The real problem is that many political and media elites have a much too narrow conception of what it means to be black. Indeed, one of the saddest things about modern black American culture is the sense that there are large aspects of it that are somehow not respectable.
The fact is Cain is a black person from the state of Georgia: Why shouldn’t he have a right to invoke vernacular Southern black culture, including a fondness for cornbread? Cain’s saying “shucky ducky” is no different—no more anti-black—than when President Obama says “goin” instead of “going.” It is Cain’s critics, with their deep-seated ambivalence about the value of black culture, who deserve to face the charge of self-hatred. Where Cain is proud to display his blackness—from its physical characteristics (he has openly said he finds the color of his own skin to be beautiful) to its more subtle and humble cultural components—his detractors would seem to wish he would not be so black where white people can see it.
McWhorter’s point, that there is more than one way to be Black, is a point that ought to be well taken. Black conservatism has a rich intellectual history, dating back at least as far as Booker T. Washington, and it is unfair to excise from the race, Blacks who hold conservative political positions. If Carlton Banks is Black, then so are Black Conservatives.
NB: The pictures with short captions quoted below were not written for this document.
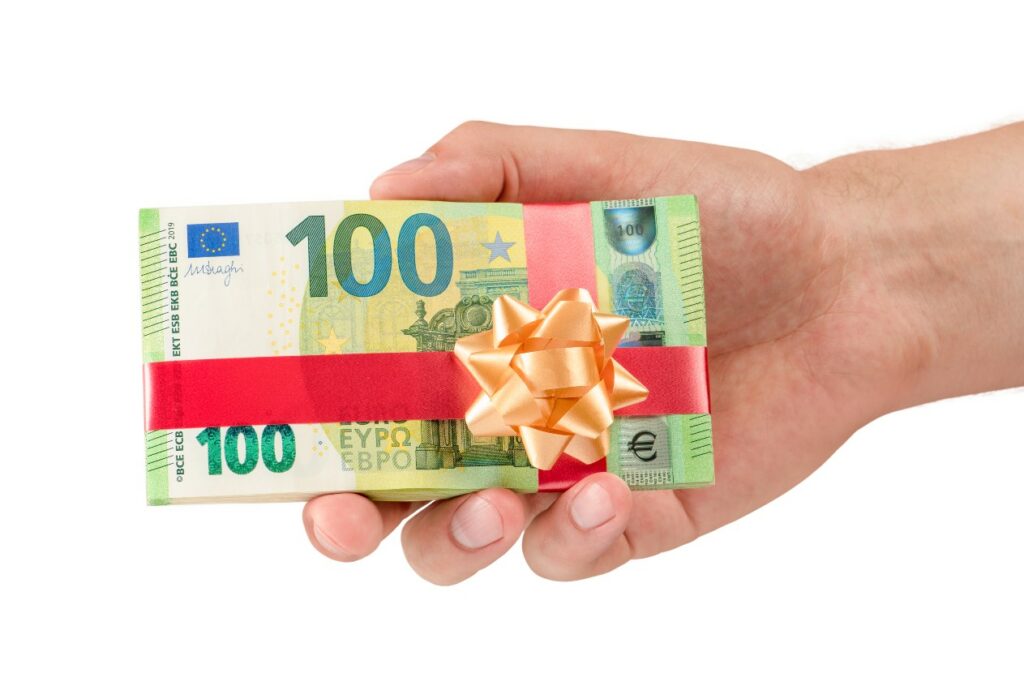 Δώρο Χριστουγέννων 2023: Ποιοι το δικαιούνται και πότε θα το εισπράξουν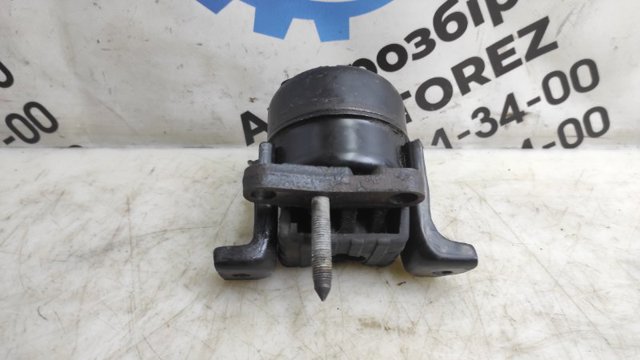 Права опора двигуна 1230528150 TOYOTA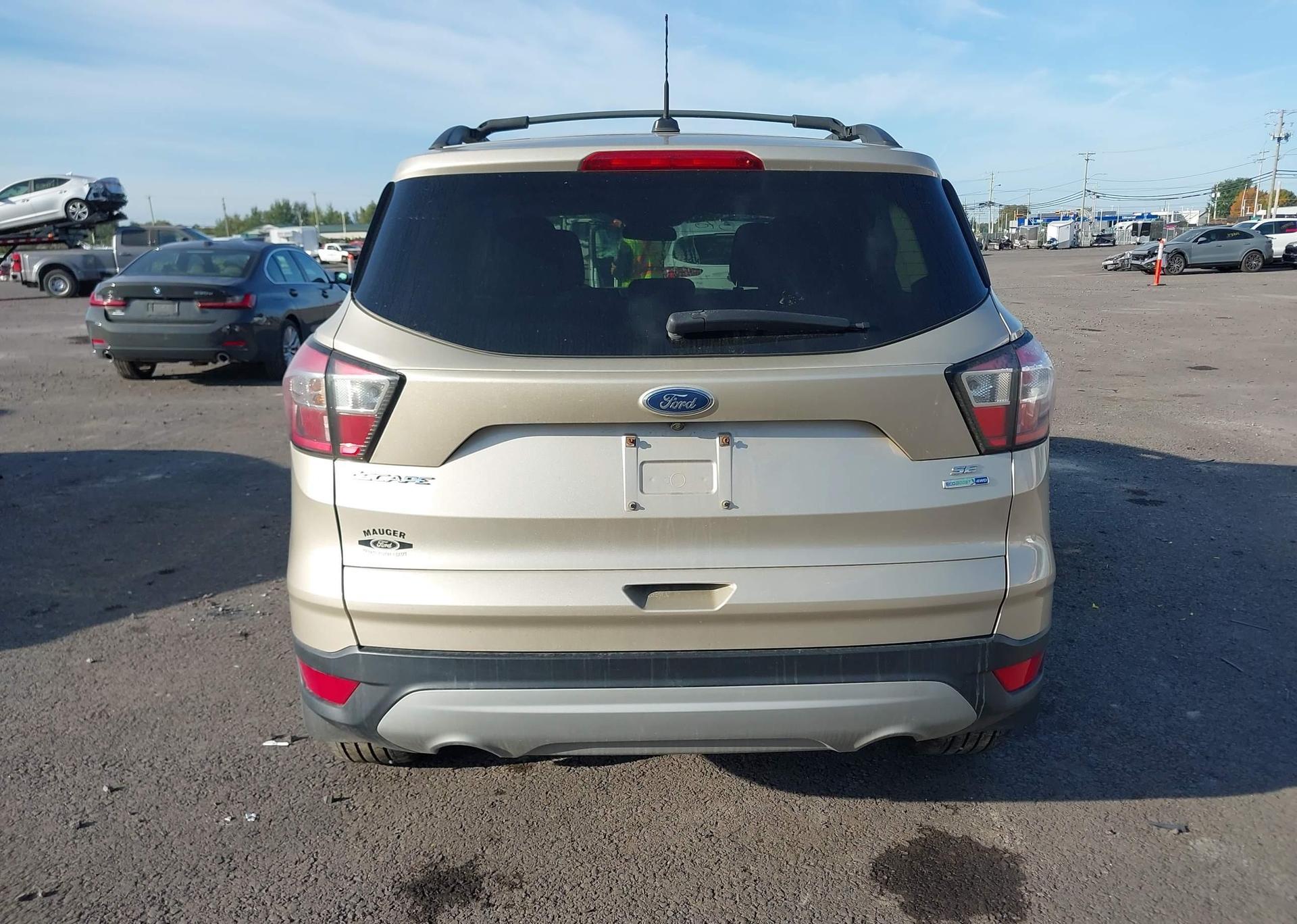 2018 FORD ESCAPE SE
Victor Anderson, Professor of African American and Diaspora Studies and Religious Studies at Vanderbilt University, seems to agree with McWhorter’s assertion that there is no such thing as an epistemology of “authentic Black culture”. In his work, Beyond Ontological Blackness, Anderson finds the idea dangerous because it denies a racial identity to those who do not wholly ascribe to the characteristics assigned to authentically Black persons. Thus, if one does not conform to recognizably Black behavior or mores, one does not fit in and cannot legitimately call oneself Black. This attitude has been used against Black conservatives to label them Uncle Toms, race traitors, and the like. Indeed, such an attitude has empowered White liberal voices to attack Cain as not being authentically Black in much the same way (see the Lawrence O’Donnell interview of Herman Cain).
Any criticism of Cain that is rooted in questioning his Blackness because of his political positions strikes me as out of bounds. If one wants to argue that Cain’s positions are potentially harmful to a majority of the Black population or that his persistent denial that systemic and structural racism is not a significant hinderance to Black social mobility, that is perfectly legitimate. However, claiming that Cain is not a real Black man is just as offensive as his determination that Obama is not one either.
McWhorter’s article actually helps me in figuring out my visceral reaction to Cain’s rising popularity as a candidate for the Republican nomination. He suggests that Cain is genuinely invoking Black southern vernacular and appealing to Black comic tropes in his public rhetoric during this campaign. Let’s take it as a given that the Cain we see in public is the real, genuine Cain, that he is not putting on a performance in blackface. What ought we to make of Herman Cain?
My issue with Cain is not his use of Black comedic tropes, it his use of those tropes as his primary means of articulating his positions. The salient argument is not that he is being Black in front of White people in a way that I find non-respectable. For me, the constant use of Black forms of humor and hyperbole reveal a pervasive lack of seriousness that undermines his credibility. Perhaps a few examples will illustrate my point.
Cain has accused the African-American community of being brainwashed into voting Democratic, dismissed a critical ally in the American war effort in Afghanistan by referring to the country as Ubeki-beki-beki-beki-stan-stan, called for an electrified border fence between the U.S. and Mexico that would kill people attempting to cross the border only to later claim that he was joking, frequently uses nonsensical phrases like “shucky-ducky“, joked that his secret service name should be “Cornbread”, and indulges in race-based humor without the benefit of a Black audience to laugh with him. By using race humor as his default form of messaging, Herman Cain makes it difficult for many Blacks to take him seriously as a candidate. Indeed, I believe his popularity in Republican circles stems primarily from his entertainment value. This makes Cain more of a court jester than a presidential candidate. His function seems to be to engage in outlandish, cartoonish, and controversial behavior that provokes liberal media responses and keeps the Republican primary battle interesting.
The lack of seriousness is reflected in Cain’s entire campaign. Cain hired a campaign manager guilty of prior campaign finance violations and shenanigans, which makes the latest real scandal on Cain’s campaign financing understandable. Cain offers the ridiculous idea that it is okay for him to learn foreign policy on the job (this just three years after Obama fought off inferences that he was too green handle 3am national security emergencies). He seems to be more interested in selling books on his book tour than actually campaigning to convince people to support him for president. And he would rather accuse the media of racism for digging up his past indiscretions than answer honestly about the charges of sexual harassment against him.
If Cain wants to be a stand up comedian or a political
entertainer commentator, then by all means he is free to rely purely on humor and exaggeration to get his ideas across in public. But a serious candidate must move beyond jokes and entertainment to the hard task of policy and nuance. Maybe Cain just isn’t up to the task. There is a reason no one ever asked the court jester to rule the nation.